> _DIRECTIONS FOR THIS TASK_: The records below are to be reproduced exactly, and no picture should appear in the copy.

> _EXERCISE MATERIALS_:
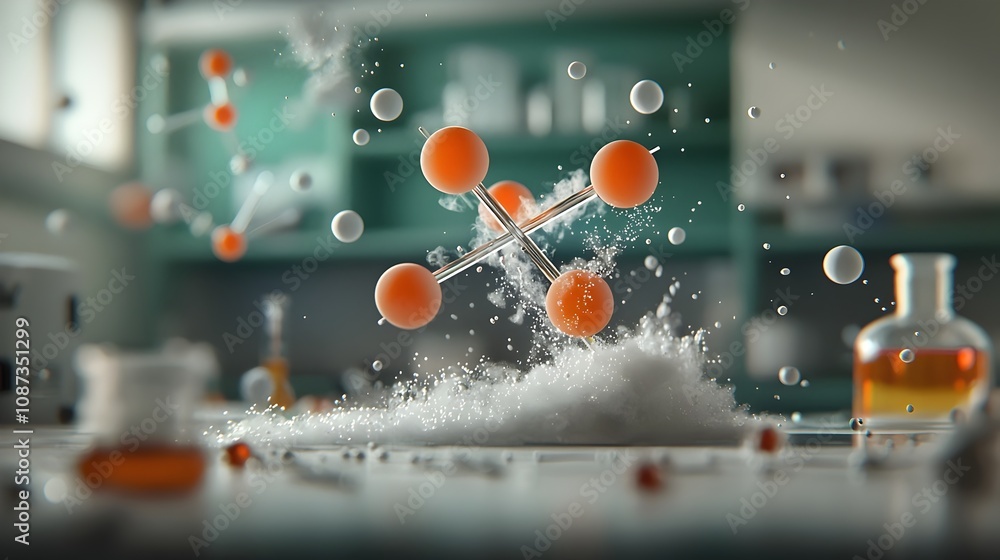 Poster mesmerizing molecular masterclass a visually stunning of intricate atomic arrangements captivating c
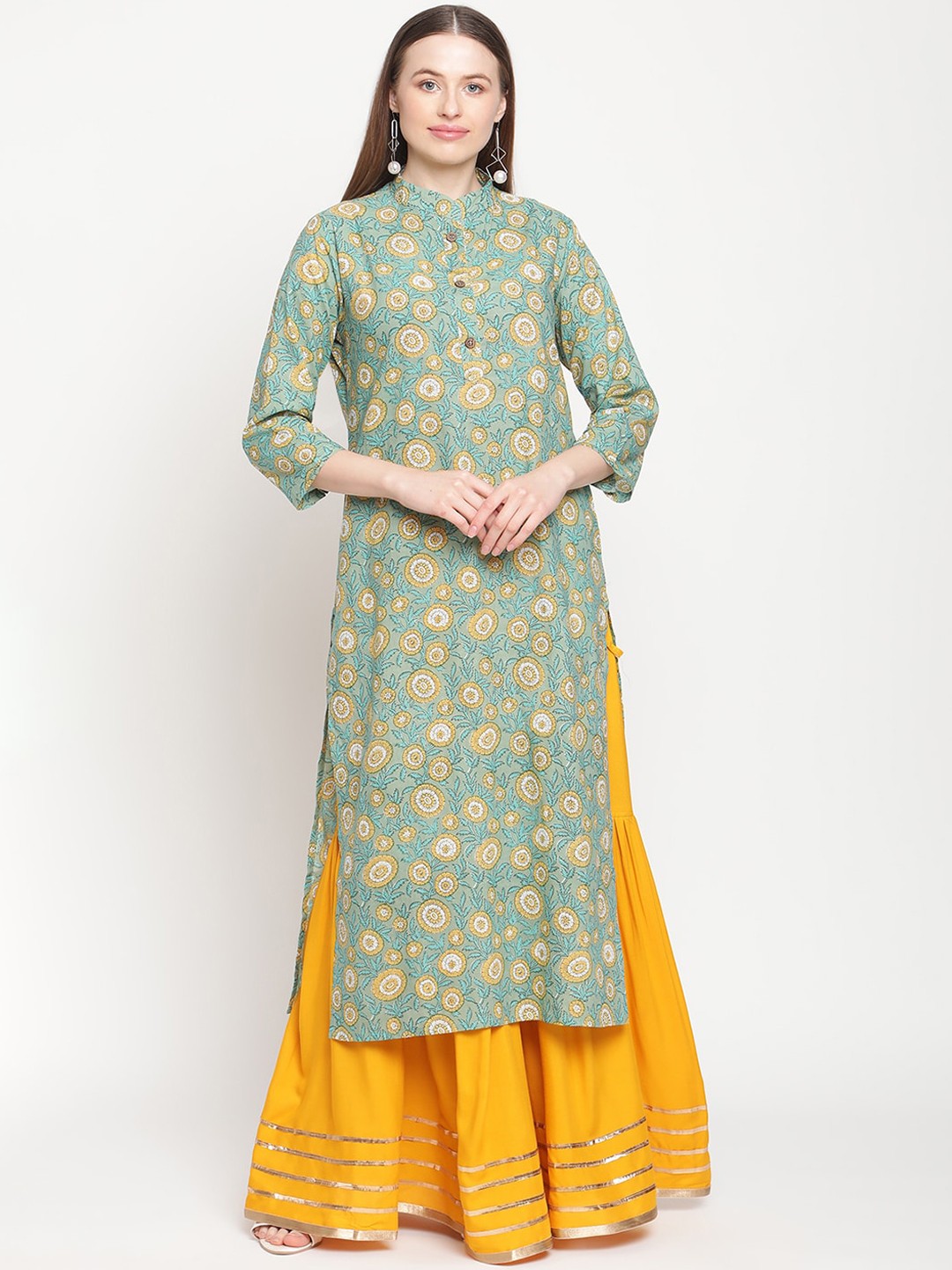 

TAG 7 Women Green Ethnic Motifs Printed Pure Cotton Kurta with Sharara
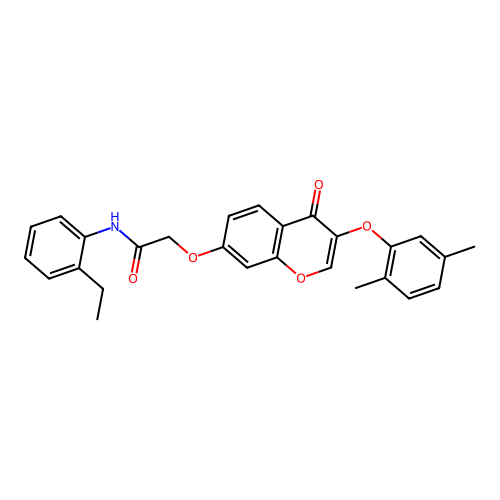 2-{[3-(2,5-dimethylphenoxy)-4-oxo-4H-chromen-7-yl]oxy}-N-(2-ethylphenyl)acetamide structure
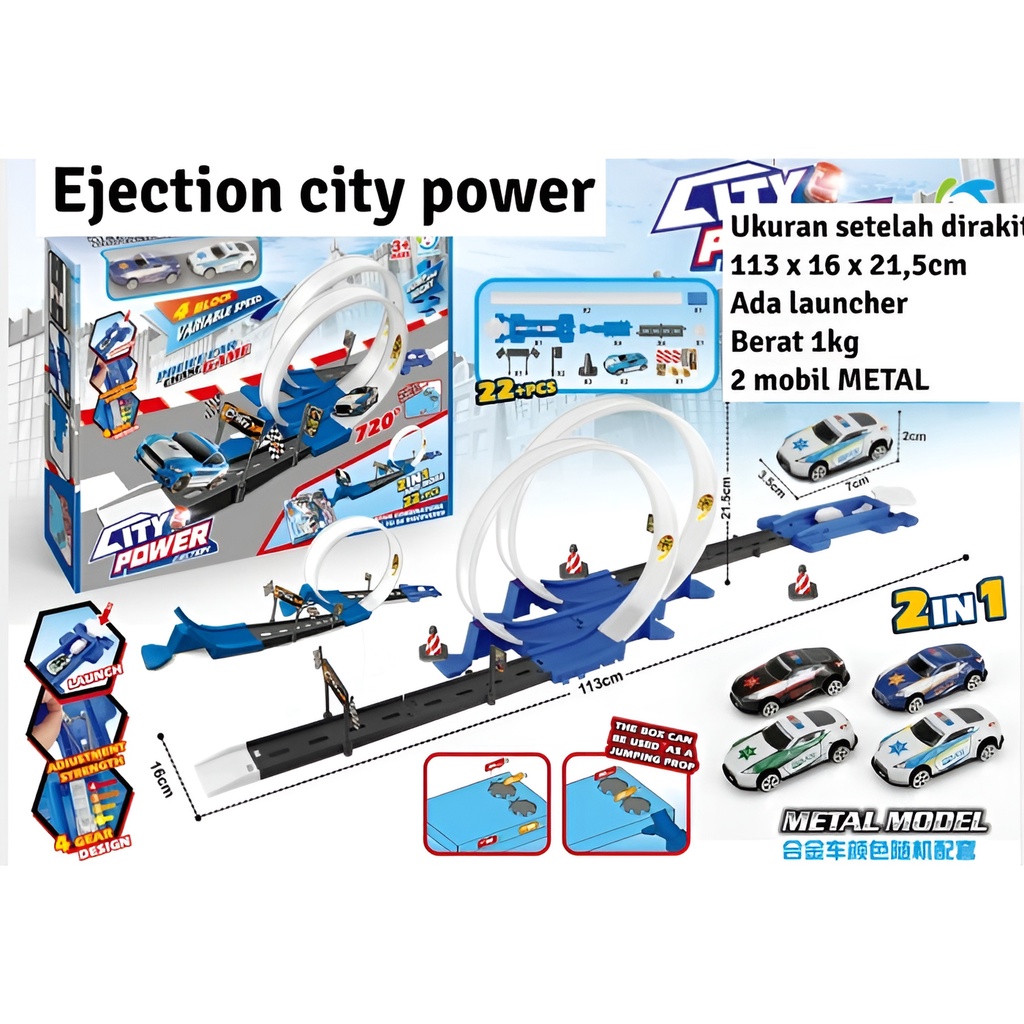 Ejection City 22Pcs | Mainan Anak Laki Laki Jalur Mobil Mobilan | Hadiah Ulang Tahun Anak Cowok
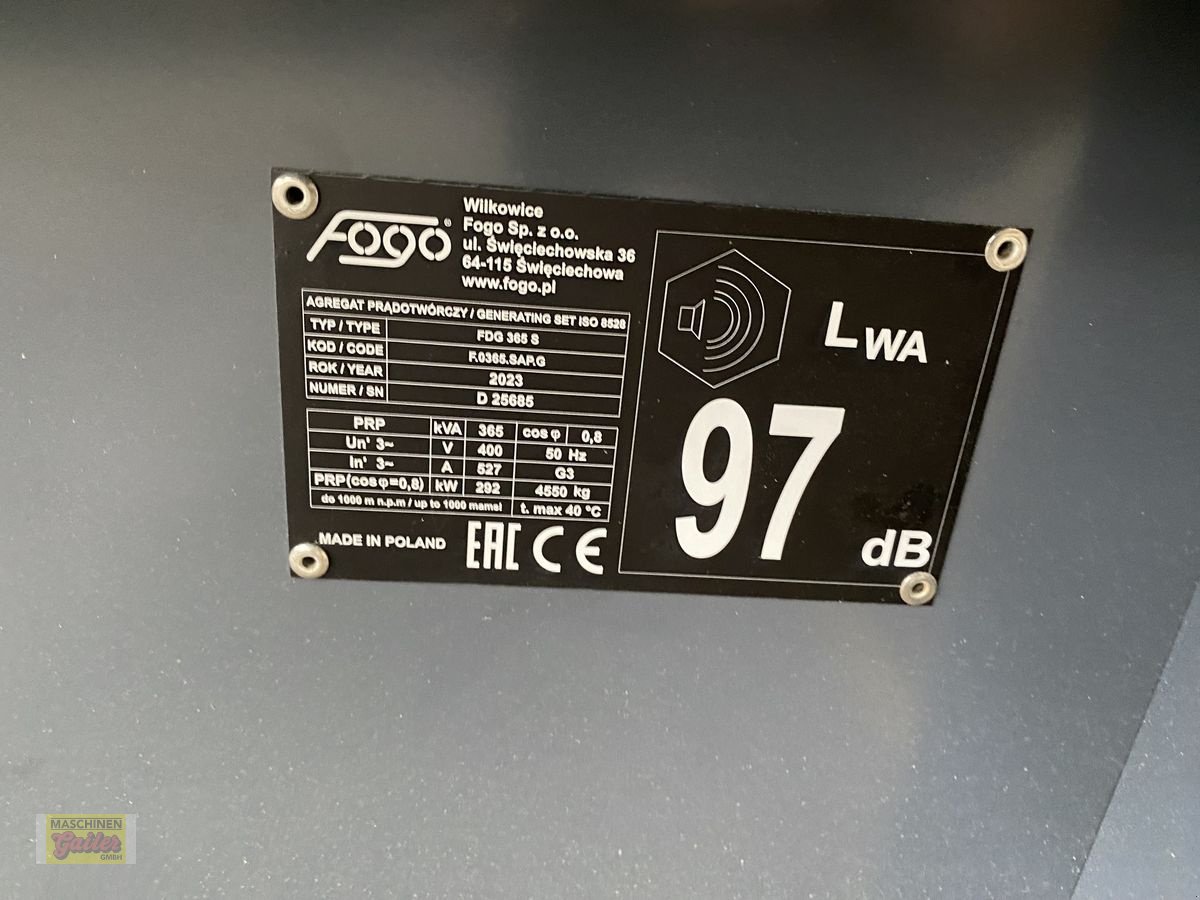 Stromgenerator of the type Sonstige FOGO FDG 365 S kVA, Neumaschine in Kötschach (Picture 11)
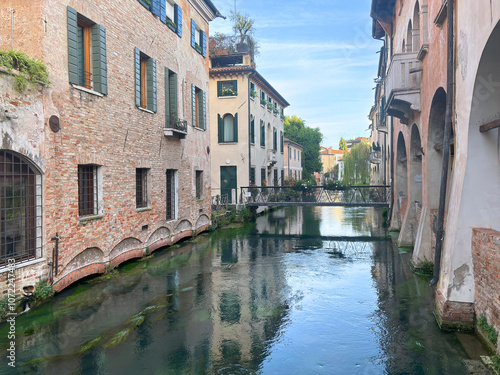 palazzi storici del centro città di treviso, italia, historic buildings in the city center of treviso, italy photo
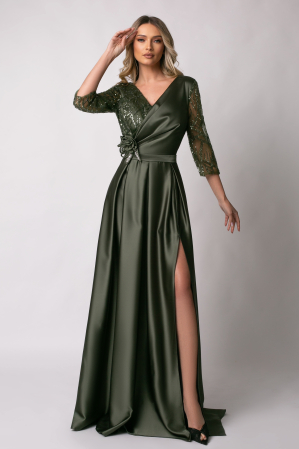 Rochie lungă kaki de ocazie, mărime mare cu paiete [1]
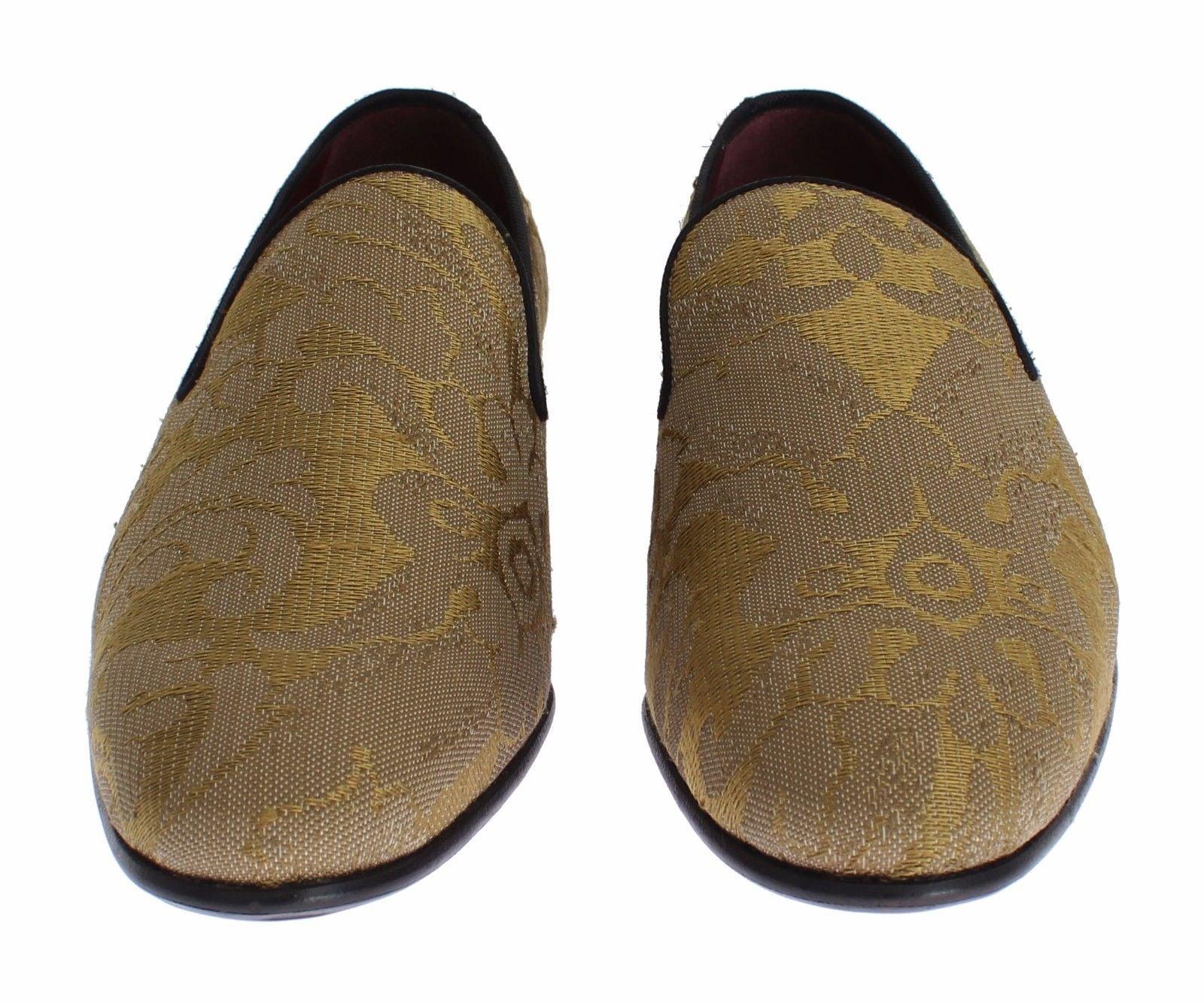 Dolce & Gabbana Golden Baroque Silk Dress Loafers - Arichezz.store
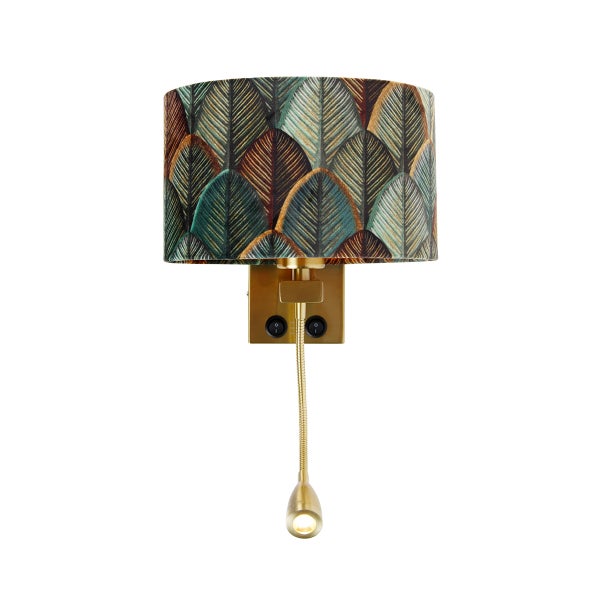 Wandleuchte mit Blättermuster und Leselampe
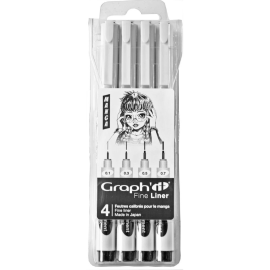  GRAPH'IT Pack of 4 Fine Liners Black - MANGA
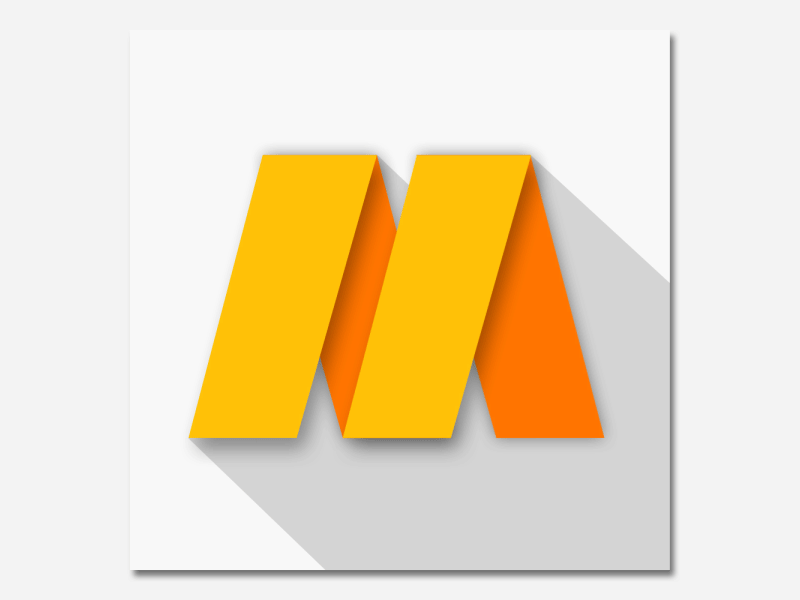 Matesign card design flat illustration material orange shadow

> _PROBLEM SOLUTION_:
 Poster mesmerizing molecular masterclass a visually stunning of intricate atomic arrangements captivating c

TAG 7 Women Green Ethnic Motifs Printed Pure Cotton Kurta with Sharara
 2-{[3-(2,5-dimethylphenoxy)-4-oxo-4H-chromen-7-yl]oxy}-N-(2-ethylphenyl)acetamide structure
 Ejection City 22Pcs | Mainan Anak Laki Laki Jalur Mobil Mobilan | Hadiah Ulang Tahun Anak Cowok
 Stromgenerator of the type Sonstige FOGO FDG 365 S kVA, Neumaschine in Kötschach (Picture 11)
 palazzi storici del centro città di treviso, italia, historic buildings in the city center of treviso, italy photo
 Rochie lungă kaki de ocazie, mărime mare cu paiete [1]
 Dolce & Gabbana Golden Baroque Silk Dress Loafers - Arichezz.store
 Wandleuchte mit Blättermuster und Leselampe
  GRAPH'IT Pack of 4 Fine Liners Black - MANGA
 Matesign card design flat illustration material orange shadow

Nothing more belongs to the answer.